**Task instructions**
Nothing but a verbatim copy of the data, minus the images, should be returned.

**Data records**
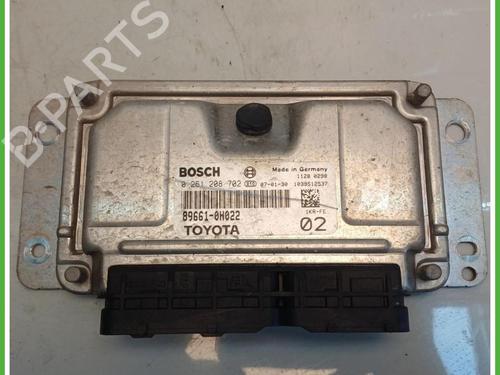 Used Engine control unit (ECU) Engine control unit (ECU) TOYOTA AYGO (_B1_) 1.0 GPL (KGB10_) (68 hp) 40147692 40147692
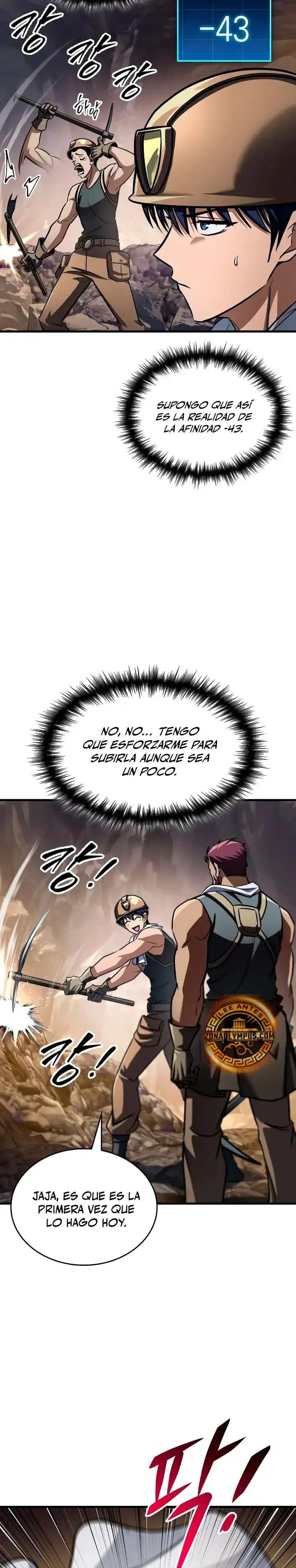 Tengo La Guia Exclusiva De La Torre - Capítulo 116 - Página 32 - LectorTMOo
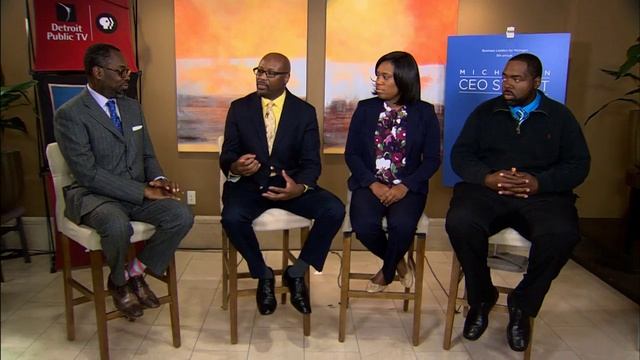 Business Leaders For Michigan CEO Summit / Natl Apprenticeship Week | American Black Journal Full E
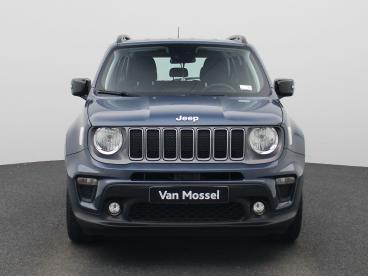 SPOTICAR Jeep Renegade 1.3 Turbo T4 190 4xe Atx Limited Occasions - Suv Hybride Grijs - Hasselt - 1200383838_3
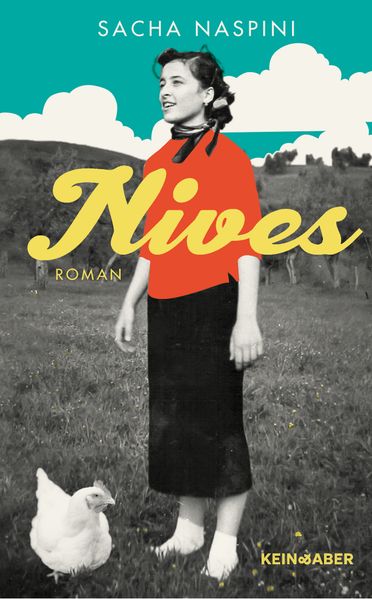 Cover von Nives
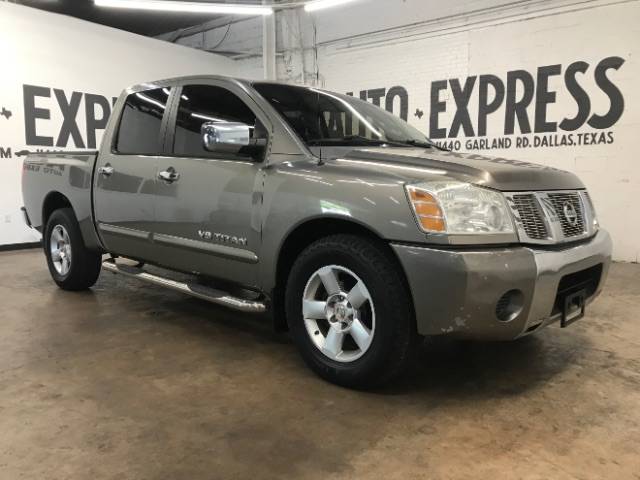 2007 Nissan Titan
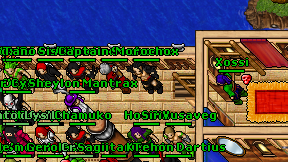Sheylon Mantrax on screen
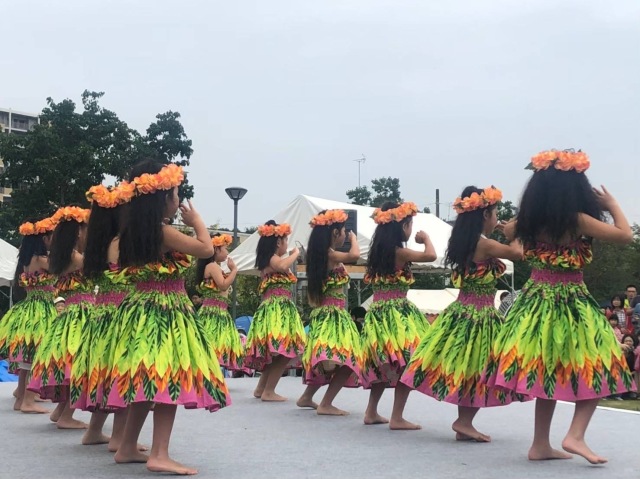【楽しく仲良く親子フラダンス】開講いたします！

**Result of this task**
 Used Engine control unit (ECU) Engine control unit (ECU) TOYOTA AYGO (_B1_) 1.0 GPL (KGB10_) (68 hp) 40147692 40147692
 Tengo La Guia Exclusiva De La Torre - Capítulo 116 - Página 32 - LectorTMOo
 Business Leaders For Michigan CEO Summit / Natl Apprenticeship Week | American Black Journal Full E
 SPOTICAR Jeep Renegade 1.3 Turbo T4 190 4xe Atx Limited Occasions - Suv Hybride Grijs - Hasselt - 1200383838_3
 Cover von Nives
 2007 Nissan Titan
Sheylon Mantrax on screen
【楽しく仲良く親子フラダンス】開講いたします！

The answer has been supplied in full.